Wildlife attacks on locals worries UWA

Dialogue. UWA director for operations Charles Tumwesigye addresses residents of Kamdini Sub-county who turned out for a meeting at Nora Trading Centre on Tuesday. PHOTO BY BY TOBBIAS JOLLY OWINY.

Oyam. The growing incidents of wildlife attacks of residents in the country is worrying Uganda Wildlife Authority (UWA).
Mr Charles Tumwesigye, the UWA director of operations, said during a community meeting with residents of Kamdini Sub-county on Tuesday that the animal raids and killing of people outside gazetted wildlife facilities across the country is disastrous.
Mr Tumwesigye observed that cases of human deaths arising from stray elephant attacks had become rampant yet they cannot do much as UWA because they are overwhelmed.

The meeting was organised by UWA.
“This problem of human-wildlife conflict is now a national disaster. Kamdini area is just one part. Your neighbours in Apala B up to Pakwach bridge, all that area is a hot spot for human-wildlife conflict with elephants, buffaloes and lions,” he said.
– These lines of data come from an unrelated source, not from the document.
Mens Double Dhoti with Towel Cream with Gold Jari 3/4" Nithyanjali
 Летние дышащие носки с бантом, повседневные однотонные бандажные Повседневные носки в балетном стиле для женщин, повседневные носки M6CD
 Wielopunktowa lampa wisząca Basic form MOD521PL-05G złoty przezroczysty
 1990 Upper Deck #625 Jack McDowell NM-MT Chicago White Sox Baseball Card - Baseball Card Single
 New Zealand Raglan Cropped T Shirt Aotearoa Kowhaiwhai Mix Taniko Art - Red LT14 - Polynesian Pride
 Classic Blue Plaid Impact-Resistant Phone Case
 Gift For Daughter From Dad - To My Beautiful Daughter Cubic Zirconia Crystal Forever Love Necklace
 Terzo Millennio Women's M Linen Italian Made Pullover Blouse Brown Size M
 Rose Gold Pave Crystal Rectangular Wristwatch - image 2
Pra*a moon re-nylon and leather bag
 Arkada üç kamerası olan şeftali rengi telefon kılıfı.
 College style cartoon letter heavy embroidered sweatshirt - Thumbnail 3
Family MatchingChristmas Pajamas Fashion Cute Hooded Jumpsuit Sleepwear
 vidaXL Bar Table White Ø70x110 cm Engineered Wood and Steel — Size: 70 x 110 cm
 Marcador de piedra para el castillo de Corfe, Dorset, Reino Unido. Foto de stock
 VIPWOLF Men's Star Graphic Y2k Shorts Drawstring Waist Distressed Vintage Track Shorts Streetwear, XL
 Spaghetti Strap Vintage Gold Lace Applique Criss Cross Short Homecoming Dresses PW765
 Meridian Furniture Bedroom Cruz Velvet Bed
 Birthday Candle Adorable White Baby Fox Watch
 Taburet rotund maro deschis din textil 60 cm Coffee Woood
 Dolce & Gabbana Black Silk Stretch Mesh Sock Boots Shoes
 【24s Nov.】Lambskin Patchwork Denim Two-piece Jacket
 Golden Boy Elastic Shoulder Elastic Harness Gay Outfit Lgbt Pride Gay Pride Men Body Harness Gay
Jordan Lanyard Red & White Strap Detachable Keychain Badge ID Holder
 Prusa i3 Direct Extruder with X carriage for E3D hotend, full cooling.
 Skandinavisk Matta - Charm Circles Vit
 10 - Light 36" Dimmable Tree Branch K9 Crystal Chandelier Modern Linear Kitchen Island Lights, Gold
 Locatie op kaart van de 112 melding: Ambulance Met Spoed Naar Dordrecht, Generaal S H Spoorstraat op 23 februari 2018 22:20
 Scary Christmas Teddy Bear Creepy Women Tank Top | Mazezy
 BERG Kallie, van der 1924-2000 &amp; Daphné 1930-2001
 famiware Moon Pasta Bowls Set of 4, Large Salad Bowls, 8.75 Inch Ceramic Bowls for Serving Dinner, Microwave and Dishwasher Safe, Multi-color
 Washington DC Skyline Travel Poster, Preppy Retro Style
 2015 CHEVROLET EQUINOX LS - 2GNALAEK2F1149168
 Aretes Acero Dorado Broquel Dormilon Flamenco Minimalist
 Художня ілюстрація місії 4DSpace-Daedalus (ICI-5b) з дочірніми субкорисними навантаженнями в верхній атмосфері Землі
He added: “As UWA, we don’t like to see the people suffering, we really feel the pain you go through, but as we talk, even here in Kafu, we have lost about six people to crocodiles. In Lake Victoria, several people have been eaten by crocodiles and it is a very big problem.”
During the meeting, locals tasked UWA to compensate them for the loss of more than 17 people killed by elephants in the sub-county in the past one year.
They said the most affected were residents of Kamdini, Aber and Loro sub-counties in Oyam District by wildlife from the neighbouring Murchison National Park.

Mr Tumwesigye said UWA does not have enough manpower, resources and equipment to enhance its operations in order to avert human-wildlife conflict.
He said currently, there is a boom in elephant population across national parks of Uganda, although the number of rangers and scouts deployed by the authority has remained low to handle the big number.
“Recently, President Museveni passed out 490 rangers and Murchison Falls Park got only 70 of them,” Mr Tumwesigye added.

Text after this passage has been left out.